According to Wade, part of the drive to continue the free public hotspot service is the reality that not everybody has a computer at home. Many residents still use the internet on small devices such as smartphones and tablets, he said, performing basic daily activities like communicating with friends and family, using Facebook, or streaming movies.
When it comes to securing users’ data, Wade said viNGN uses layers of encryption, encrypting data once it gets to viNGN to protect data to some extent. Wade still urges users, however, to be vigilant when using open-access Wi-Fi services like viNGN. He urges users to get virtual private networks, or VPNs, or to avoid performing tasks that involve sending and receiving sensitive information online.
“We don’t encourage people to do banking on these hotspots or anything that’s ultra-crucial or critical in that nature,” Wade said. “We encourage everybody to use it except for permanent business purposes and things of that nature.”
Reimagining Public Computer Centers
There are 12 public computer centers, or PCCs, still operating in the territory, providing computer and internet access to residents, as well as basic computing and coding classes at no cost. Unlike the hotspots, PCCs provide a physical space and basic equipment for users to perform basic computing tasks. Wade said viNGN’s vision for the PCCs may have to evolve, especially now that roughly one-third of the original centers are left standing.
“Some of those locations are completely devastated by the storm,” Wade said. “The equipment was small compared to everything else that was lost but we saw that this posed another threat to the accessibility for users around the territory.”

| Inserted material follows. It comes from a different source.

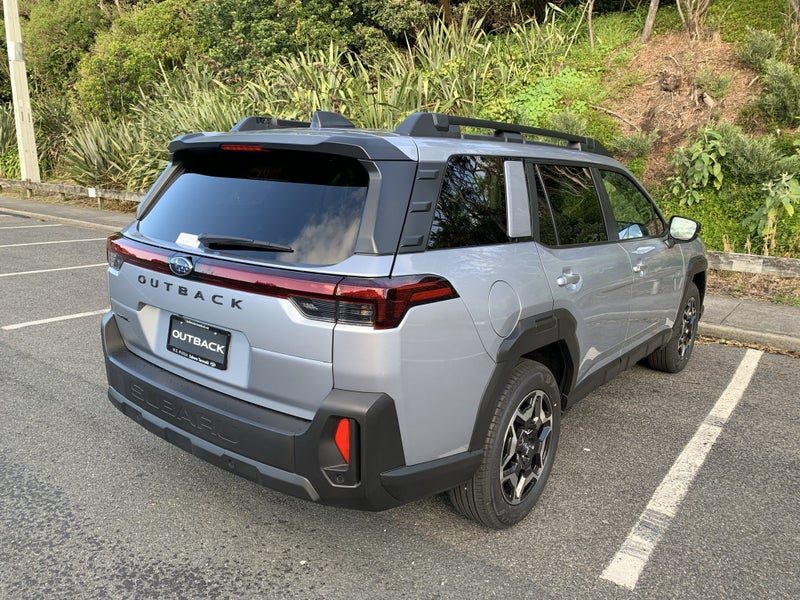 2026 Subaru Outback AWD Touring, photo 2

On St. Croix, residents can still use the PCCs at the Department of Labor, the Florence Williams Public Library, St. Patrick’s School, Seventh Day Adventist Central, the Regional Library for the Blind and Physically Handicapped and the Mon Bijou Community Center.
On St. Thomas, PCCs are still online at the Department of Labor, Lucinda Millin, Strive Senior Citizen Center, Boys and Girls Club, Winston Raymo Recreation Center and the Charles Turnbull Regional Library, which is one of the busiest in the territory. On St. John, only the Elaine Sprauve Public Library PCC remains operational.
According to Wade, since the 2017 storms the life cycle of the equipment and rapidly evolving technology has caused them to take a second look at how they approach the PCCs. The agency is now testing out more modern, effective ways to build the PCCs, he said,with elements like cloud-based services to reduce the amount of onsite service, or a Wi-Fi-based PCC that would provide hardware for typing and printing, but would require users to bring their own personal devices.
“We’ve learned what works as things evolve. We’re trying to adapt to that,” he said.
When asked if there are plans to restore the lost PCCs or bring them back to their original number, Wade responded, “I think the plan is to definitely grow on both ends. We are probably going to take the strategy of whatever the end result that would generally just provide the coverage that we need.”
That plan might manifest itself in the form of more PCCs, Wade said, or a system that overlaps hotspots with PCCs to provide more overall coverage, not just to replace the PCCs that were lost in the storms.
“I guess the end goal would be to ensure that our reach meets or exceeds what it was prior to the storm in the way that’s best for the public to use,” Wade said. “And ultimately our main issue here is to bridge the digital divide, and make sure that anybody who lives out east or anybody who lives out west, has the same access regardless of where their house is positioned or where their income levels are.”
More information on viNGN, including hotspot locations, PCCs, and bandwidth sales, is available on its website.